The records below need retyping in full; give them again exactly.

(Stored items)
⟨
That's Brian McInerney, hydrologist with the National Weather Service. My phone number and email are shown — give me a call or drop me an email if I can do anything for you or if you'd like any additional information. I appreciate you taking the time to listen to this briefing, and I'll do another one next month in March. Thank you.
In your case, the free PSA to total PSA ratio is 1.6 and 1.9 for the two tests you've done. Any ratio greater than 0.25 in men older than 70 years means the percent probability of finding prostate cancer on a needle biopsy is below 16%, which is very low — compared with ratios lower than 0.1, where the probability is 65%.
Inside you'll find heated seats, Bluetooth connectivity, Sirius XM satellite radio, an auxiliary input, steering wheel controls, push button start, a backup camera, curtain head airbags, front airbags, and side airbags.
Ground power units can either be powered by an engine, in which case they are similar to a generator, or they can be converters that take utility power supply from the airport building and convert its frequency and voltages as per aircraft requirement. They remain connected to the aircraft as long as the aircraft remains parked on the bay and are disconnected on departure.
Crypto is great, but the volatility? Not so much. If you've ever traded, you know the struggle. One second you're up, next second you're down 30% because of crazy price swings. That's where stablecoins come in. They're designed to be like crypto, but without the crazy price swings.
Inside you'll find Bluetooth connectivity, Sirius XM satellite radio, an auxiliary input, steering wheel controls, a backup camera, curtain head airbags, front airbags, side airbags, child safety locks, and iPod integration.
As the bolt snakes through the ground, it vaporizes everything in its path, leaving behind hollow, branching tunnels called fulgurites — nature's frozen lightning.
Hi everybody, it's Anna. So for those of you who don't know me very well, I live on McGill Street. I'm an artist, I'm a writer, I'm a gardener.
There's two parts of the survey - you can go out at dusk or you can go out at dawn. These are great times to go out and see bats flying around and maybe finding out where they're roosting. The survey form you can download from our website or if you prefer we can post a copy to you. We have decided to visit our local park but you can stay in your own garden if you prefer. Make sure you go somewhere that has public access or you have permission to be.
⟩
_Answer to this problem_
That's Brian McInerney, hydrologist with the National Weather Service. My phone number and email are shown — give me a call or drop me an email if I can do anything for you or if you'd like any additional information. I appreciate you taking the time to listen to this briefing, and I'll do another one next month in March. Thank you.
In your case, the free PSA to total PSA ratio is 1.6 and 1.9 for the two tests you've done. Any ratio greater than 0.25 in men older than 70 years means the percent probability of finding prostate cancer on a needle biopsy is below 16%, which is very low — compared with ratios lower than 0.1, where the probability is 65%.
Inside you'll find heated seats, Bluetooth connectivity, Sirius XM satellite radio, an auxiliary input, steering wheel controls, push button start, a backup camera, curtain head airbags, front airbags, and side airbags.
Ground power units can either be powered by an engine, in which case they are similar to a generator, or they can be converters that take utility power supply from the airport building and convert its frequency and voltages as per aircraft requirement. They remain connected to the aircraft as long as the aircraft remains parked on the bay and are disconnected on departure.
Crypto is great, but the volatility? Not so much. If you've ever traded, you know the struggle. One second you're up, next second you're down 30% because of crazy price swings. That's where stablecoins come in. They're designed to be like crypto, but without the crazy price swings.
Inside you'll find Bluetooth connectivity, Sirius XM satellite radio, an auxiliary input, steering wheel controls, a backup camera, curtain head airbags, front airbags, side airbags, child safety locks, and iPod integration.
As the bolt snakes through the ground, it vaporizes everything in its path, leaving behind hollow, branching tunnels called fulgurites — nature's frozen lightning.
Hi everybody, it's Anna. So for those of you who don't know me very well, I live on McGill Street. I'm an artist, I'm a writer, I'm a gardener.
There's two parts of the survey - you can go out at dusk or you can go out at dawn. These are great times to go out and see bats flying around and maybe finding out where they're roosting. The survey form you can download from our website or if you prefer we can post a copy to you. We have decided to visit our local park but you can stay in your own garden if you prefer. Make sure you go somewhere that has public access or you have permission to be.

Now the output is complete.